Anyone got the "poop" on anything for this area? Any info gratefully welcomed!

Thanks!
Sincerely,
Scorp.

"Boldly GO!" :wave:


----------



## Scorpitat (Oct 7, 2004)

Heard from Rob at Acreation. Here is a copy of what he just sent me. Hope it helps others.

"The Galactica decal sets both include decals to add a texture to the retraction bays. The armor only set is already currently available from my website, and is 10% off. The full set which will include all the armor panels, but also include decals with texture for between each rib. They will be available next Monday.



To be clear, I am talking about the part of the ship where there is an inset into the main hull, space for when they retract the landing pods for FTL flight. I did not make any decals for inside the flight pods, as the kit decal for the landing strip is adequate." <end quote>

Sincerely,
Scorp.


----------



## Scorpitat (Oct 7, 2004)

Here's more info. Hope it helps everyone.

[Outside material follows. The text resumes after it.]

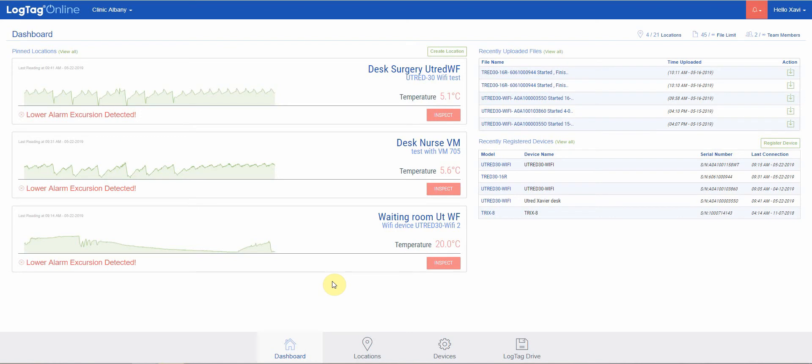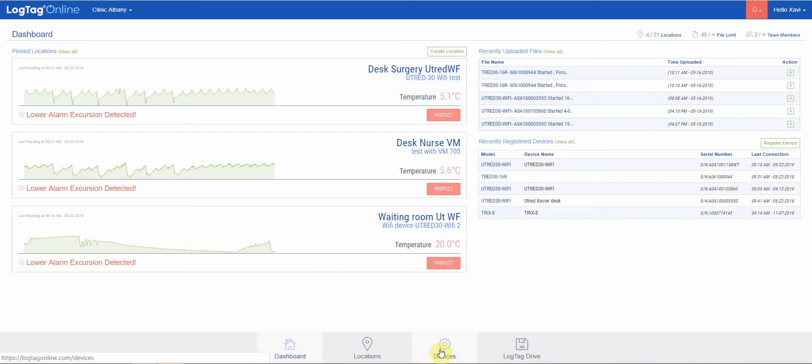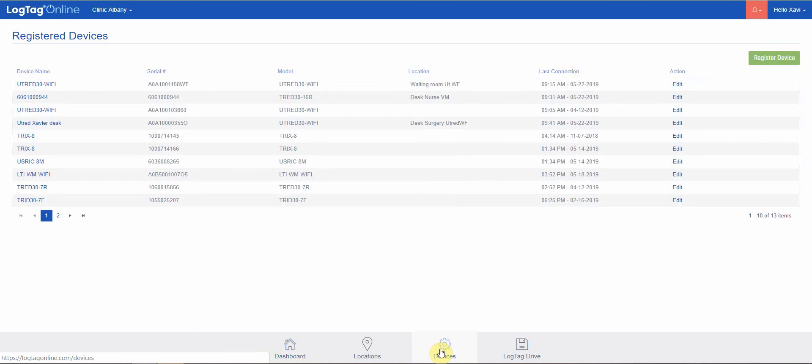Welcome to LogTag Online introduction videos. This video will be talking about devices. From the dashboard, we can reach our devices panel from the quick bar along the bottom.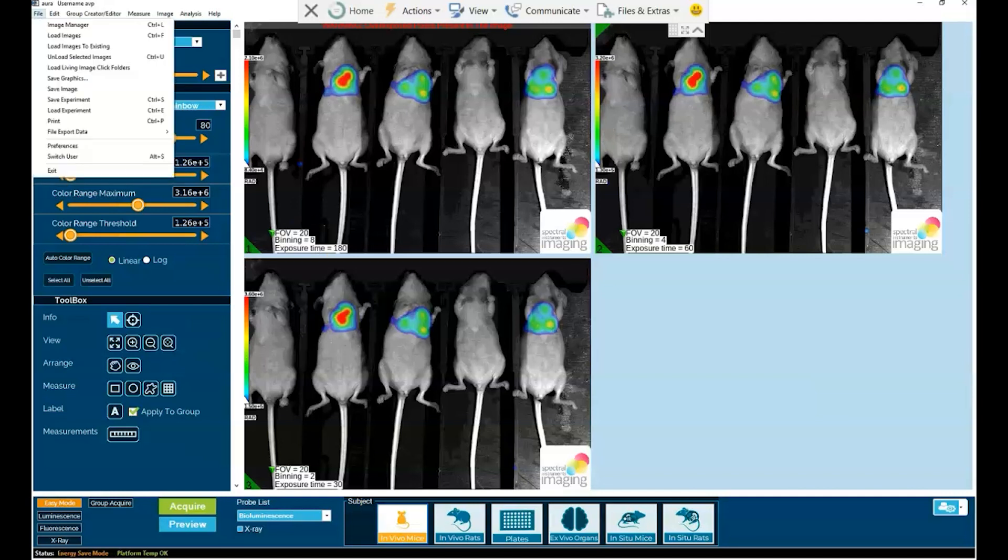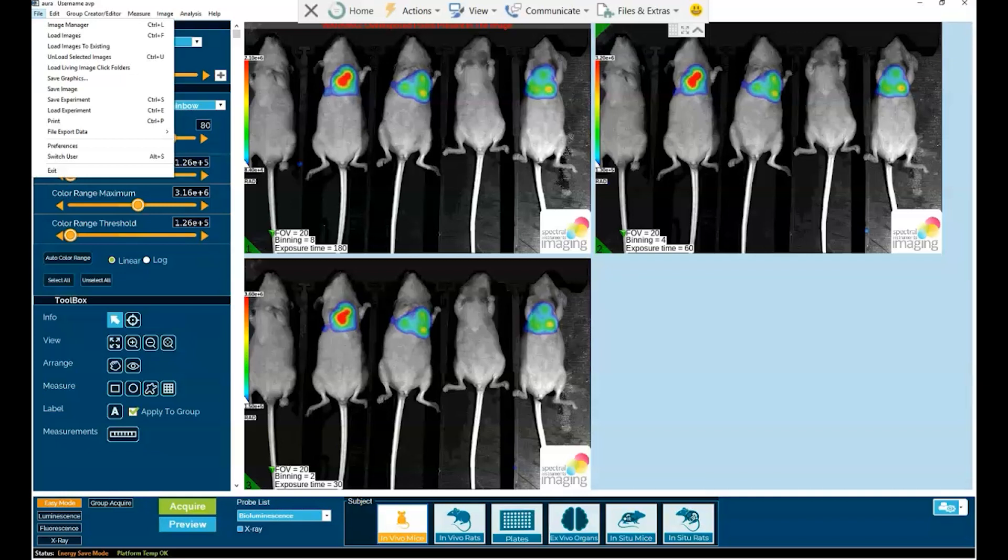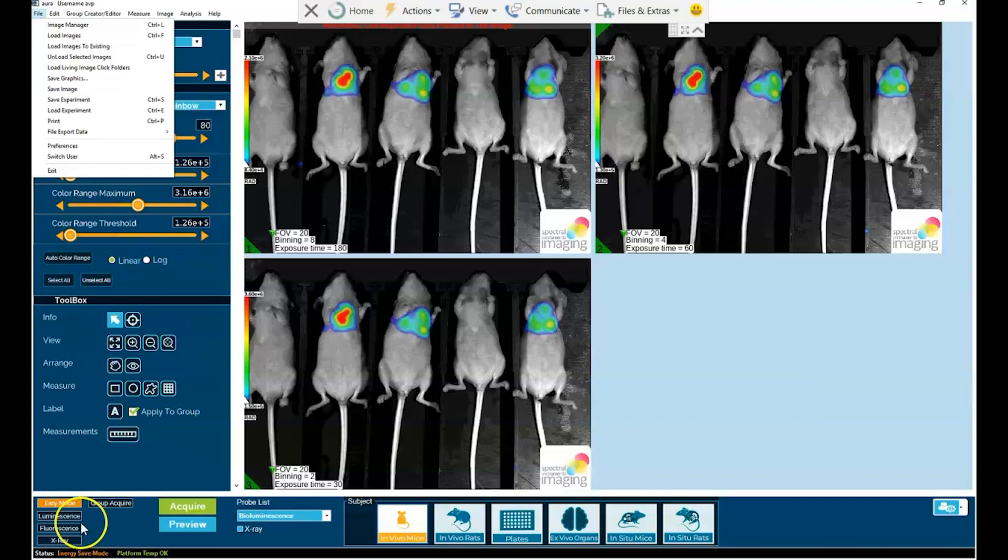Before closing, it should be noted, of course, that the previous ways of image acquisition in luminescence, fluorescence and x-ray, as noted here in the bottom left hand corner, remain available to our long time users of Aura. And if there is preference for these classic protocols, they can certainly still continue to make use of them.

"The full set will be $31.50 (10% off the regular price of $35.00) and yes it will be available on Monday. The armor only set includes the retraction bays, is currently available for $18.00 (10% off) and is already on the website."

Rob Holts

Acreation Models

Best to all,
Sincerely,
Scorp.


----------



## ryoga (Oct 6, 2009)

I'm waiting on the full set since if I was to get only the armour decals now, and if i got the rest later, I'd have excess armour decals left over. Hope its soon since I just got my kits and will begin work very soon


----------



## talondigital (Apr 4, 2007)

For those who are interested, I've linked a near complete image of the armor decals as applied to a kit, built by Cylon75 of SSM and RI.

http://www.acreationmodels.com/images/galactica_built.jpg

The Garage decals in question:
http://i1099.photobucket.com/albums/g394/ksullivan8/005.jpg


The full build can be found on SSM at:
http://www.starshipmodeler.net/talk/viewtopic.php?t=88213


----------



## Steve H (Feb 8, 2009)

OK, this shows my total and complete ignorance on nu-BSG. 

Couldn't that effect be duplicated with a combo of washes and dry brushing the exposed frames?

Altho to be fair, I can see how decals would produce a much more consistent look, esp. up front at the 'croc head' area.


----------



## talondigital (Apr 4, 2007)

Steve H said:


> OK, this shows my total and complete ignorance on nu-BSG.
> 
> Couldn't that effect be duplicated with a combo of washes and dry brushing the exposed frames?
> 
> Altho to be fair, I can see how decals would produce a much more consistent look, esp. up front at the 'croc head' area.


I think it could be done with a very fine sponge and with 5 different shades of paint followed by a wash. but it would be inconsistent and lose the feeling of being thousands of panels and instead feel more organic.


----------



## Richard Baker (Aug 8, 2006)

I sued pencils and ultra-fine ink markes to break up the areas between the ribs in hte AA Cold Cast Statue. I didn't try to actually render detail, just lines and squares to make the space more interesting.


----------